# Shared memory based real-time implementation of UWB-OFDM SAR imaging system

MD ANOWAR HOSSAIN<sup>\*</sup>, IBRAHIM ELSHAFIEY, MAJEED A. S. ALKANHAL Department of Electrical Engineering, King Saud University, Riyadh, Kingdom of Saudi Arabia

A novel technique for FPGA implementation of potentially jamming-resistant and high-resolution synthetic aperture radar (SAR) system using UWB-OFDM architecture has been presented. The greater computation time and larger memory requirement is still the main difficulties in processing huge SAR raw data in real-time UWB SAR imaging. Significant part of the computation time is related to compression of raw data in range and cross-range domain which in turns heavily depends on computing FFT, IFFT and complex multiplication as part of SAR imaging. A shared memory based FPGA model is developed using Xilinx block-set which is able to perform range and azimuth compression with high accuracy. The design procedures are straightforward and can be applied to any practical SAR system for real-time imaging. The model is designed as hardware co-simulation using Xilinx system generator and implemented on Xilinx Virtex-6 ML605 FPGA.

(Received May 19, 2014; accepted July 10, 2014)

*Keywords*: Field Programmable Gate Araay (FPGA), Ultra-wideband (UWB), Orthogonal frequency division multiplexing (OFDM), Synthetic Aperture Radar (SAR)

# 1. Introduction

Synthetic aperture radar (SAR) is used to achieve high-resolution images of a large target area. SAR transmits signals at spaced intervals called pulse repetition intervals (PRI). The reflectionsat each PRI arestored and processed togetherto reconstruct a radar image[1]. In general, high-resolution SAR image is obtained using Ultra-wideband (UWB) waveforms as radar transmitted pulse. UWB pulses (500-MHz bandwidth and above) can enhance the range resolution considerably. UWB technology has dual advantages: good penetration capability and high-resolution target detection for radar applications [2].

Orthogonal frequency division multiplexing (OFDM) is a method of digital modulation shows a great potential to be used in forming radar waveforms.
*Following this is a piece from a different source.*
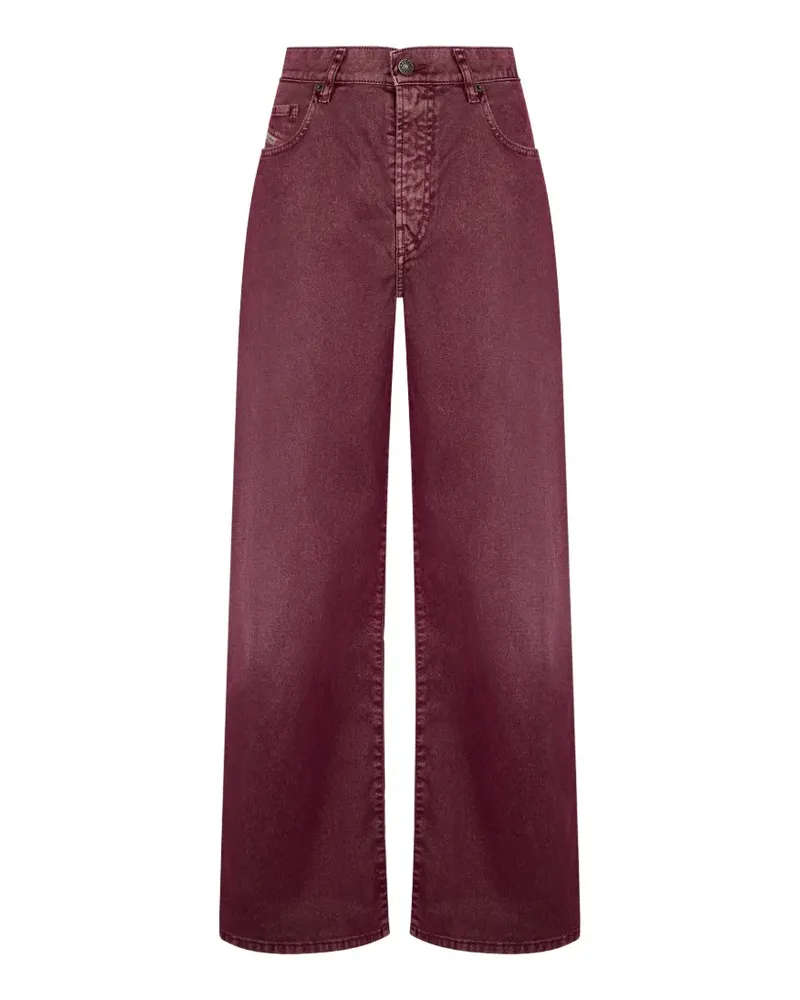 Diesel high-waisted wide-leg jeans - Rot Rot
An OFDM signal is comprised of several orthogonal sub-carriers, which are passed over a single transmission path simultaneously. Each sub-carrier contains a small portion of the entire signal bandwidth [3]. Technology advances for increasing the sampling speed capabilities, allows accurate generation of UWB-OFDM waveforms. This results in a diverse signal that is capable of high resolution imaging. Although OFDM has been studied and implemented in the digital communication field, it has not been widely considered by the radar community rather than few efforts [4, 5].
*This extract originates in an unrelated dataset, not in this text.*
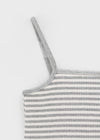 Rota Set - Striped Cardigan,Sleeveless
Greater computation time of SAR imaging algorithms poses a limitation for real-time SAR imaging application. Advances in the operating speed of the field programmable gate arrays (FPGA) allow signal processing applications to be solved in commercially available hardware. Because of their highly parallel nature, a 10 to 20 times increase in SAR processing density is expected using modern FPGAs as compared to current multi-node RISC processors, such as the PowerPC. Historically, FPGAs were much harder to program than a processor. Recently, system generator for DSP from Xilinx<sup>®</sup> has made FPGA technology accessible to DSP engineers. Xilinx System Generator pioneered the idea of compiling an FPGA program from a high-level Simulink model based on Xilinx block-sets [6].

#### 2. UWB OFDM signal generation

UWB-OFDM waveform can be generated by randomly populating the digital frequency domain vector as:

$$\Psi_{\omega} = \left[ \Pi_{ns} \ \Pi_0 \ \Pi_{ps} \right] \tag{1}$$

where,  $\Pi_{ps}$  and  $\Pi_{ns}$  represent the positive and negative subcarriers respectively whereas  $\Pi_0$  represents the baseband DC value. IFFT is then applied to  $\Psi_{\omega}$  to obtain the discrete time-domain OFDM signal as:

$$\Psi_{tx}(t) = F^{-1} \left[ \Psi_{\omega} \right] \tag{2}$$

As an example, UWB-OFDM waveform can be formed using the following parameters: number of OFDM sub-carriers = 256, sampling time,  $\Delta t_s$ = 1ns results in baseband bandwidth,  $B_0 = 1/2\Delta t_s = 500$  MHz, dividing by a factor of two to satisfy Nyquist criterion. When  $\Pi_{ps}$  is populated with all 0's and modulation scheme is chosen as BPSK, UWB-OFDM waveform turn into a short spike as shown in Fig. 1 which can provide the best possible resolution in range domain and exact location of the target in radar applications.



Fig. 1. UWB-OFDM signal using all sub-carriers.

However, the constant pulse shape causes the SAR system to suffer in jamming scenarios. We can use this signal for the SAR system in friendly environment to obtain high resolution images. When  $\Pi_{ps}$  is randomly populated and modulation scheme is chosen as BPSK, it is observed that the waveform is noise-like as shown in Fig. 2 and provides a unique signal at each PRI which is ideal for the SAR system in jamming scenarios i.e. hostile environment. UWB-OFDM SAR can be conformed to both friendly and hostile environments by just changing the transmitted signal.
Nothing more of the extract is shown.